───── DATA SUPPLIED ─────

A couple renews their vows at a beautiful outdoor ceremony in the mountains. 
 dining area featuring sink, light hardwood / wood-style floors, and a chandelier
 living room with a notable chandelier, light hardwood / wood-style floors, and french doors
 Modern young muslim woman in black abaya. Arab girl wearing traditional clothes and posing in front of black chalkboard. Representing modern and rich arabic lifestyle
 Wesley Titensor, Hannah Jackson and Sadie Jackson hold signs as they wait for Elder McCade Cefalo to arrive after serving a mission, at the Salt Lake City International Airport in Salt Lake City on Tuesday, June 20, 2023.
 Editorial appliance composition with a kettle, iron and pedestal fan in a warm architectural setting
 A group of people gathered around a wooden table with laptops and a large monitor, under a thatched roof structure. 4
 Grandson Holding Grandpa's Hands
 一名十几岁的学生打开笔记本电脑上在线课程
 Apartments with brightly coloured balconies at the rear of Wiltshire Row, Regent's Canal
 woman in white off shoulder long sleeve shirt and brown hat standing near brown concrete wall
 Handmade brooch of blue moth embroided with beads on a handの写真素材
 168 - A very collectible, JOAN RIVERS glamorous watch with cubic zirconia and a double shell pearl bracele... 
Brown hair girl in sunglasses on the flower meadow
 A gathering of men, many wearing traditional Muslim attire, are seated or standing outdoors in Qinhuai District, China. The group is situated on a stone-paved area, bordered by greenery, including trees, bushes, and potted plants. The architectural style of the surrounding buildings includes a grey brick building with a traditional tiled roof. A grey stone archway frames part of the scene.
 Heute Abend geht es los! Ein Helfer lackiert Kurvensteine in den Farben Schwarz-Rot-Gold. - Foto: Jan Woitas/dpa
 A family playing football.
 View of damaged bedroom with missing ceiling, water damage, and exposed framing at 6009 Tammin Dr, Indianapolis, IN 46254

─────

EXERCISE DIRECTIONS: In the lines above, find the word "area" and copy every line it occurs in.

ANSWER TO THIS EXERCISE:
 dining area featuring sink, light hardwood / wood-style floors, and a chandelier
 A gathering of men, many wearing traditional Muslim attire, are seated or standing outdoors in Qinhuai District, China. The group is situated on a stone-paved area, bordered by greenery, including trees, bushes, and potted plants. The architectural style of the surrounding buildings includes a grey brick building with a traditional tiled roof. A grey stone archway frames part of the scene.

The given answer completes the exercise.